Exclude the images and repeat all remaining entries exactly.

* Data listing
..............................

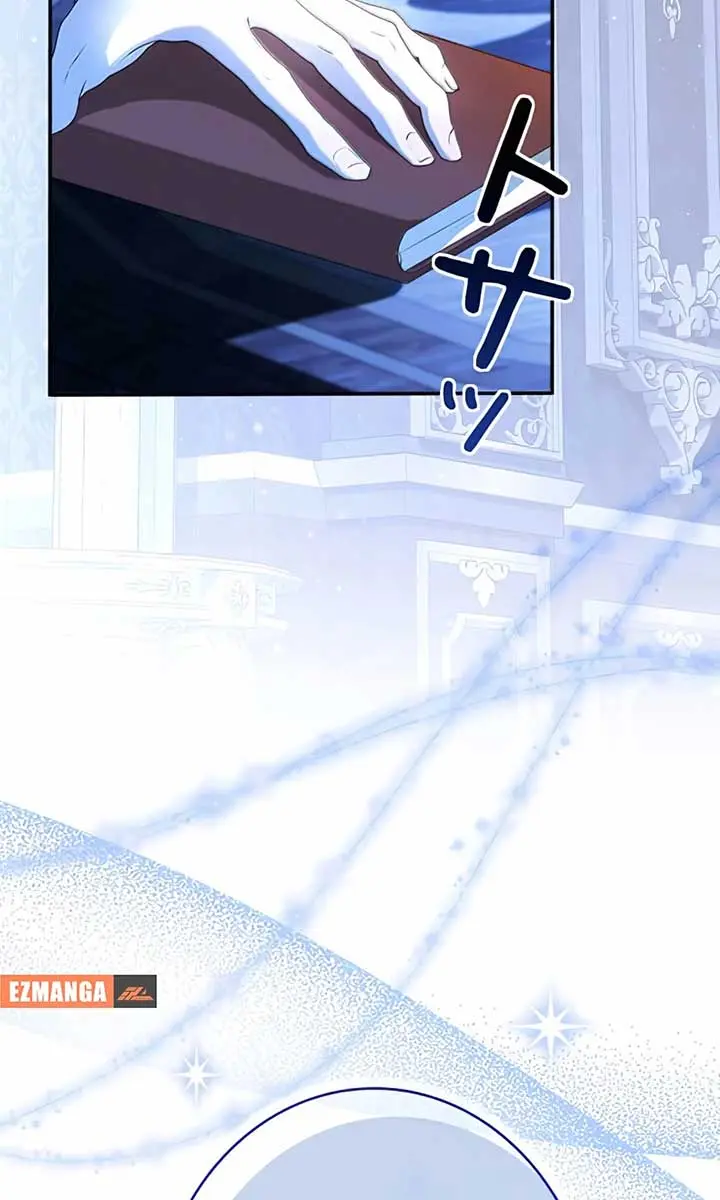 I Won't Regret My Second Life: The Happy Ending Comes After Revenge Chapter 1 Page 224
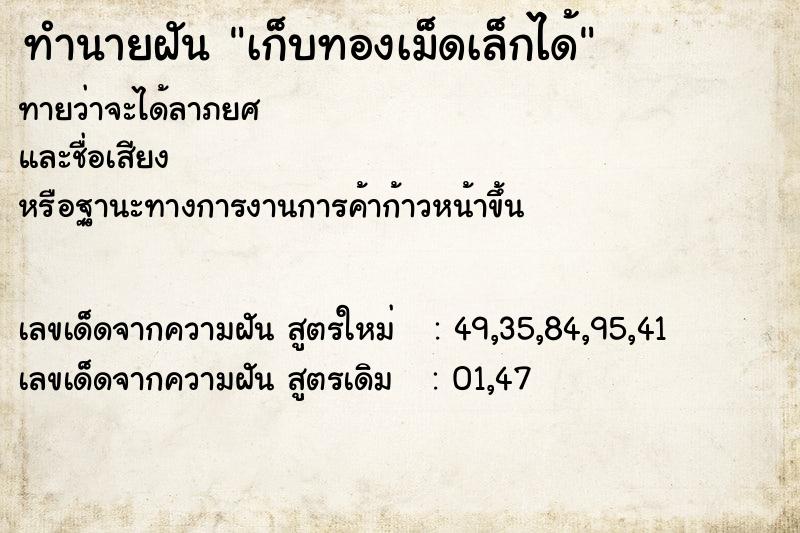 ทำนายฝันทำนายฝันเก็บทองเม็ดเล็กได้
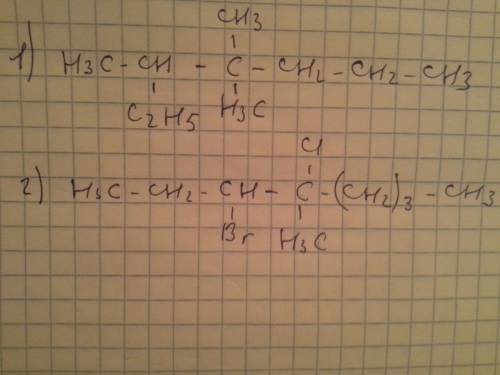 С! нужно составить формулы 1) 2 этил-3,3дементилгексан; 2).3 бром-4 хлор-4 митилоктан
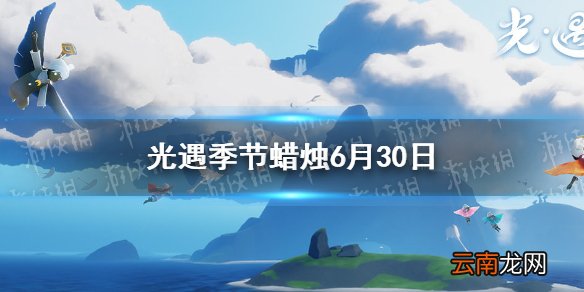 光遇季节蜡烛6月30日位置 光遇2021年6月30日季节蜡烛在哪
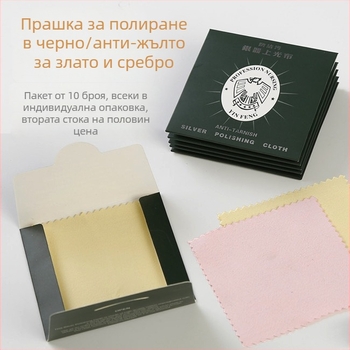 Сребърна кърпа за почистване и полиране на бижута и сребърни прибори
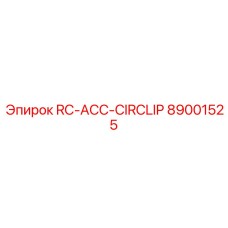 89001525 RC-ACC-CIRCLIP от Epiroc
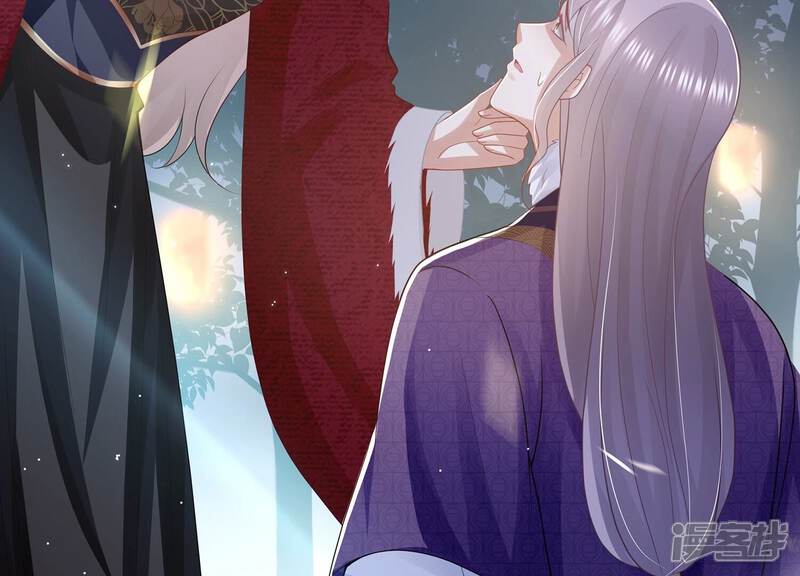 《反派宠妃太难当》第132话 办事不利 第43页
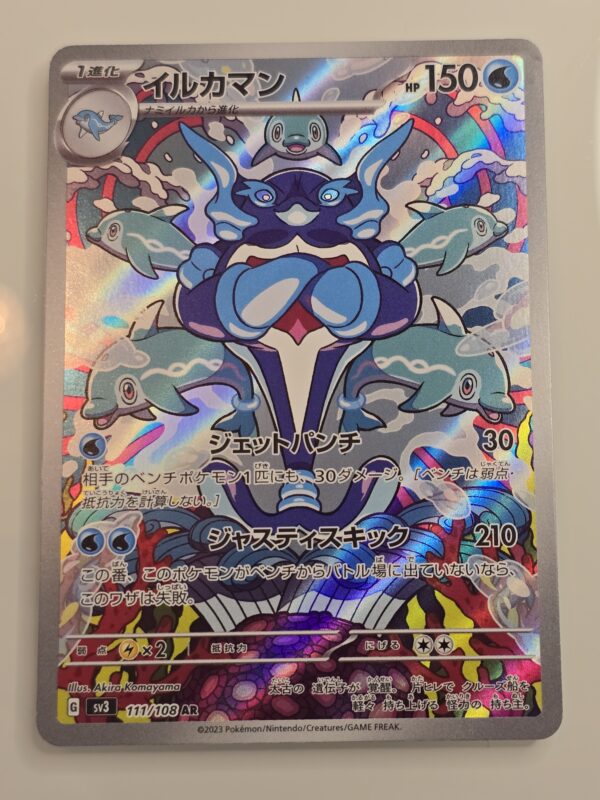 Palafin #111/108 Pokemon Japanese Ruler of the Black Flame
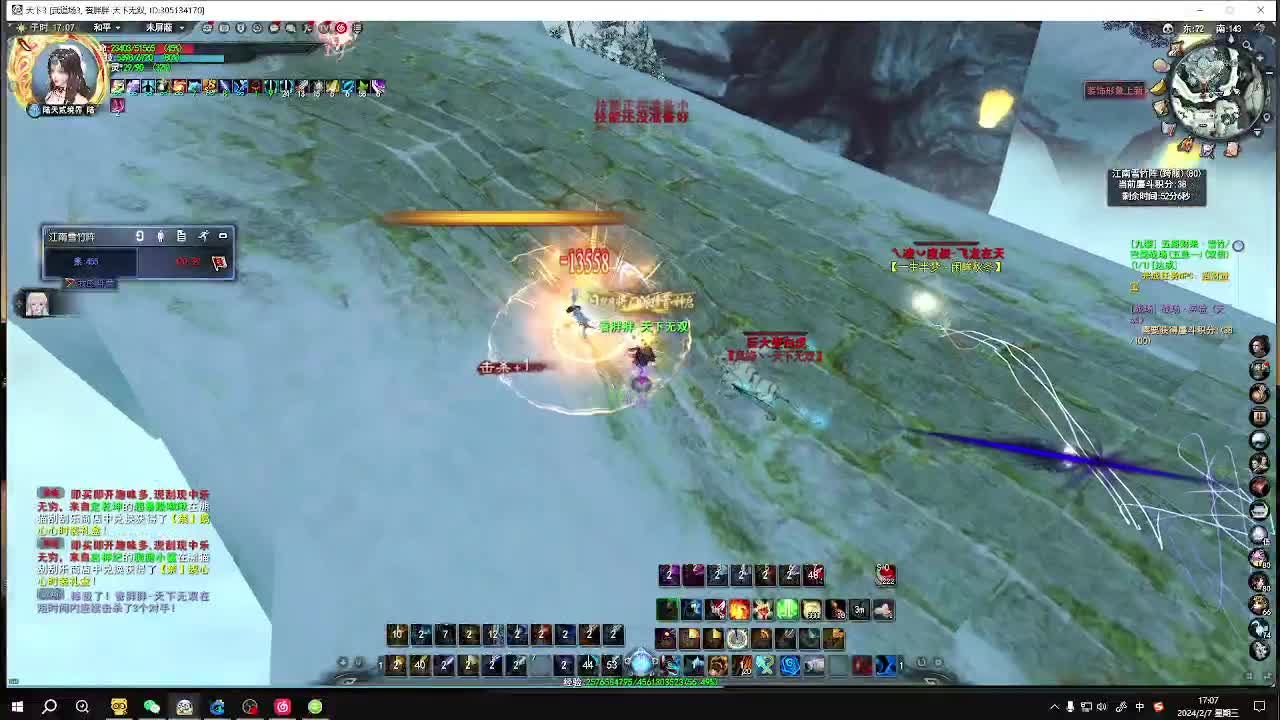 最帅的男人又来了 第2段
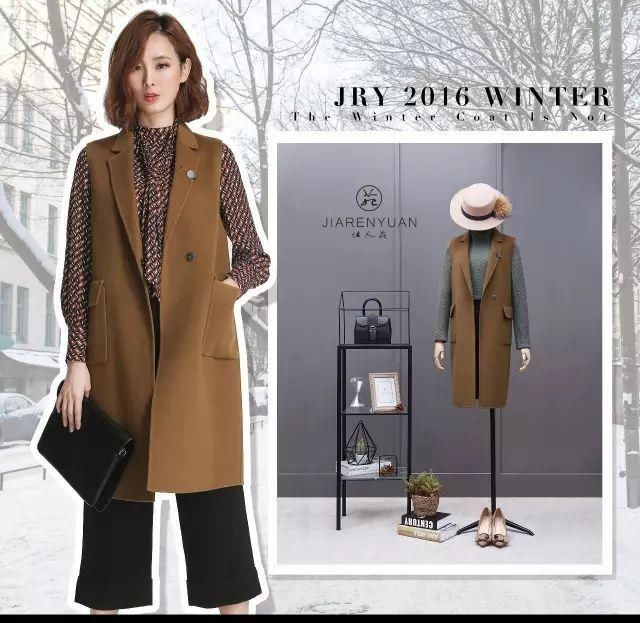 会穿焦糖色大衣不算啥，穿出高级感才是真本事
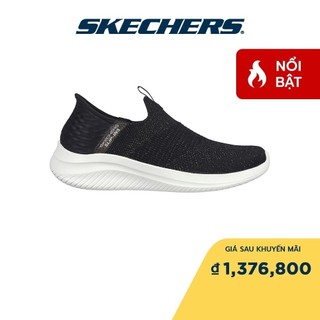 Skechers Nữ Giày Thể Thao Thường Ngày Slip-Ins Sport Ultra Flex 3.0 Glitter Me Air-Cooled Memory Foam - 149591-BKGD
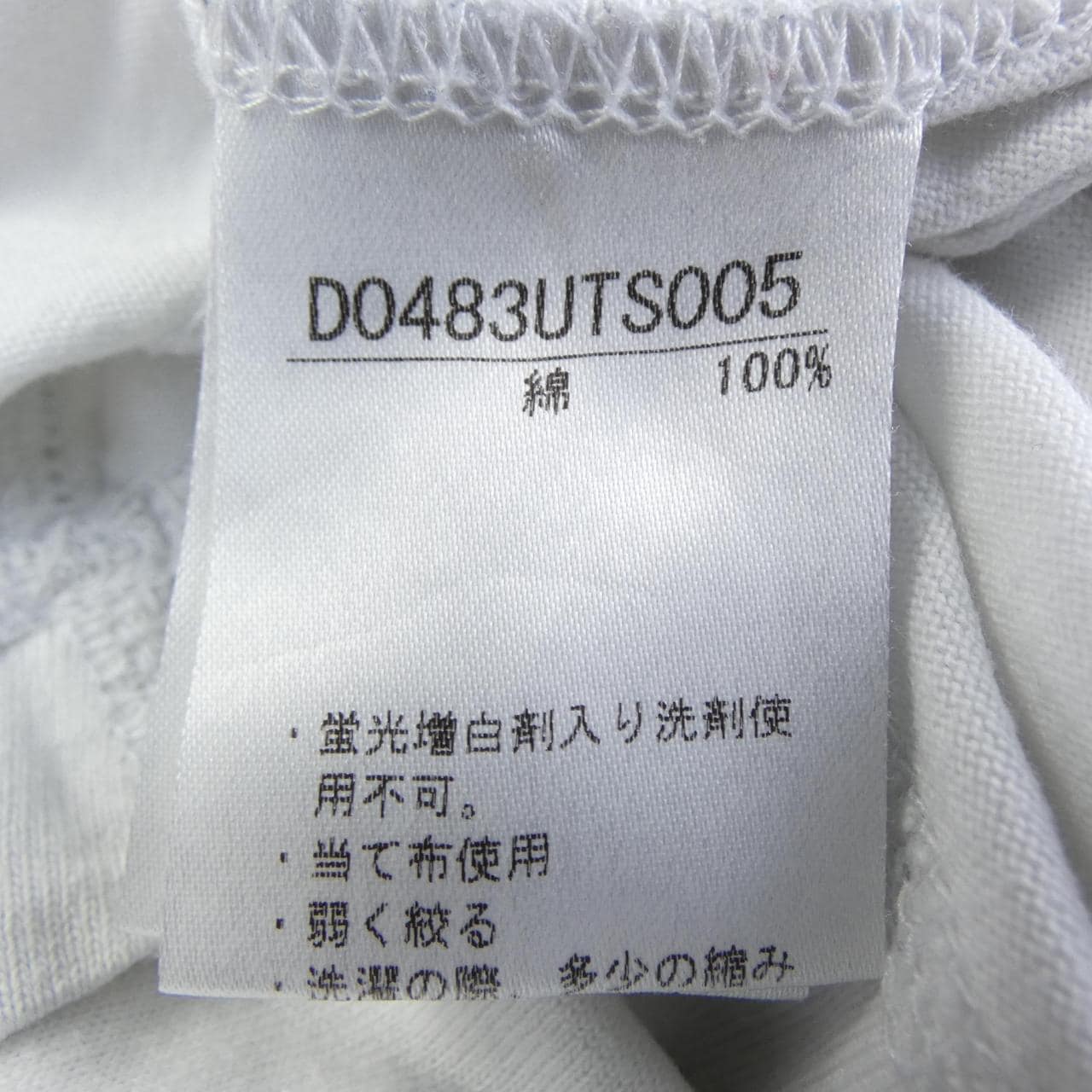 パパス Papas Tシャツ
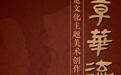 “章华流芳”“问道寻真”!湖北两大画展在京开展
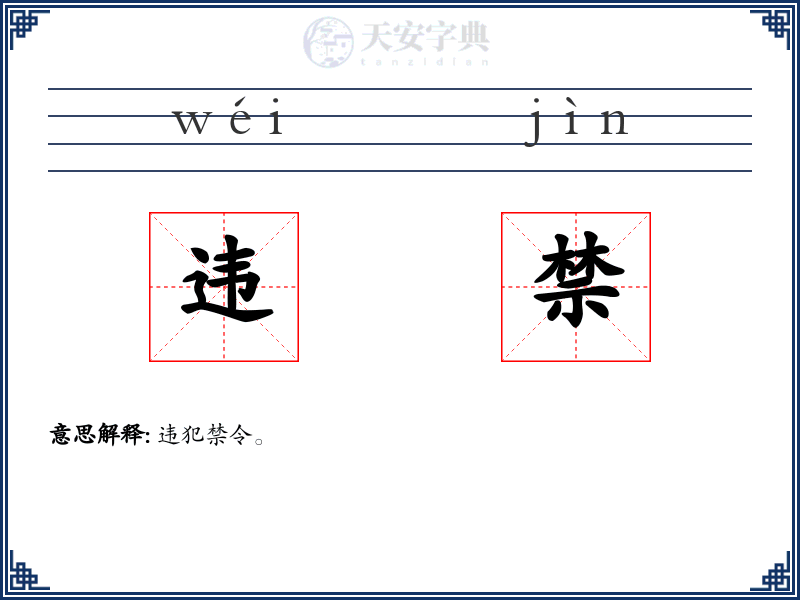 违禁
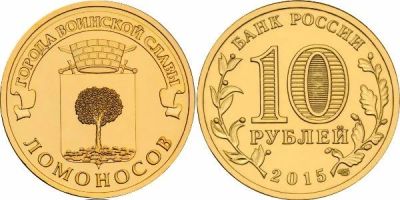 Лот: 10777909. Фото: 1. 10 рублей 2015 г. Ломоносов ГВС. Россия после 1991 года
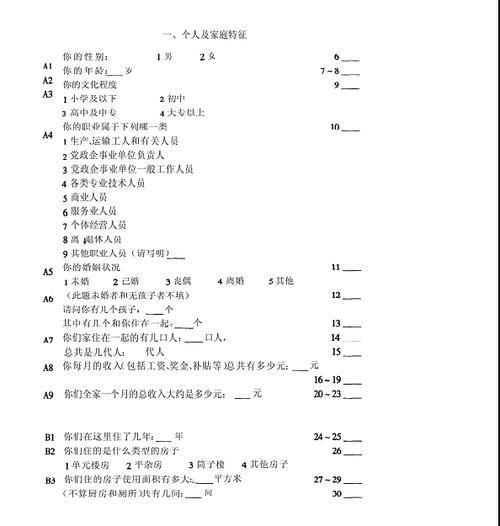 调查问卷下载缩略图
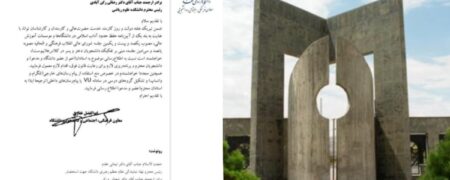 ماجرای دخترانه-پسرانه شدن کلاس‌های دانشگاه فردوسی مشهد چیست؟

..............................

* Result of the exercise
 I Won't Regret My Second Life: The Happy Ending Comes After Revenge Chapter 1 Page 224
 ทำนายฝันทำนายฝันเก็บทองเม็ดเล็กได้
 С! нужно составить формулы 1) 2 этил-3,3дементилгексан; 2).3 бром-4 хлор-4 митилоктан
 光遇季节蜡烛6月30日位置 光遇2021年6月30日季节蜡烛在哪
 Сребърна кърпа за почистване и полиране на бижута и сребърни прибори
 89001525 RC-ACC-CIRCLIP от Epiroc
 《反派宠妃太难当》第132话 办事不利 第43页
 Palafin #111/108 Pokemon Japanese Ruler of the Black Flame
 最帅的男人又来了 第2段
 会穿焦糖色大衣不算啥，穿出高级感才是真本事
 Skechers Nữ Giày Thể Thao Thường Ngày Slip-Ins Sport Ultra Flex 3.0 Glitter Me Air-Cooled Memory Foam - 149591-BKGD
 パパス Papas Tシャツ
 “章华流芳”“问道寻真”!湖北两大画展在京开展
 违禁
 Лот: 10777909. Фото: 1. 10 рублей 2015 г. Ломоносов ГВС. Россия после 1991 года
 调查问卷下载缩略图
 ماجرای دخترانه-پسرانه شدن کلاس‌های دانشگاه فردوسی مشهد چیست؟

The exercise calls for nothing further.